Environnement : Le Canada est loin d’être en mode solution

2018/11/01 | Par Monique Pauzé

L’auteure est députée du Bloc Québécois.

Après avoir diminué, puis plafonné, les émissions de gaz à effet de serre (GES) ont augmenté en 2017, dévoilait à la fin septembre un rapport conjoint de l’ONU Environnement, la Banque mondiale et l’Organisation de coopération et de développement économiques (OCDE). Pourtant, le monde entier s’est engagé à combattre les dérèglements climatiques ! Mais, malgré toutes les signatures apposées à l’Accord de Paris, seulement 9 pays sur les 180 signataires ont fait leur devoir : soumettre leur stratégie à long terme pour diminuer leurs émissions de GES. Bref, rien ne bouge.

Puis, le Groupe d'experts intergouvernemental sur l'évolution du climat (GIEC) a dévoilé un rapport, le 8 octobre dernier, qui rapporte les impacts d’un réchauffement de 1,5 °C d’ici la fin du siècle, soit l’objectif le plus optimiste de l’Accord de Paris, ainsi que les actions à engager rapidement pour éviter un réchauffement plus important.

Les constats sont graves : vagues de chaleur plus fréquentes et intenses (pensons à l’été 2018, ici au Québec), événements extrêmes, montée des eaux dans certaines parties du monde et sécheresse dans d’autres.
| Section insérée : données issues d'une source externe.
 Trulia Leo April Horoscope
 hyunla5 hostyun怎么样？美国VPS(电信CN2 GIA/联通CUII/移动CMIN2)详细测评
Or, la température a déjà grimpé de 1°C à travers le monde et les effets négatifs sont bien visibles. Bref, nous passons complètement à côté.

Les rapports du GIEC doivent être approuvés par les gouvernements du monde. Ils l’ont approuvé par consensus. Ils doivent dorénavant passer à l’action.

Depuis plusieurs années déjà, le GIEC presse les gouvernements d’agir. Cette fois-ci, la sonnette d’alarme résonne : il sera bientôt trop tard. Il faut transformer radicalement notre consommation énergétique et laisser sous terre le charbon, le pétrole et le gaz, si on ne veut pas largement outrepasser l’objectif de 1,5 °C.

Malheureusement, quiconque suit les débats à la Chambre des communes constatera que le Canada est loin d’être en mode solution. Le gouvernement libéral se vante de créer de « bons emplois » dans l’Ouest et va même jusqu’à se lancer dans des foires d’empoigne avec les conservateurs pour savoir lequel des deux fait construire le plus d’oléoducs. Quant aux conservateurs, leur chef Andew Scheer l’avait annoncé en congrès cet été et l’a réitéré la semaine dernière, à un an de l’élection : un gouvernement conservateur relancera le projet d’oléoduc Énergie Est. Certains de ses collègues de l’Alberta vont encore plus loin et menacent carrément de se retirer du programme de péréquation, si les provinces n’acceptent pas la présence de leurs pipelines sur leur territoire.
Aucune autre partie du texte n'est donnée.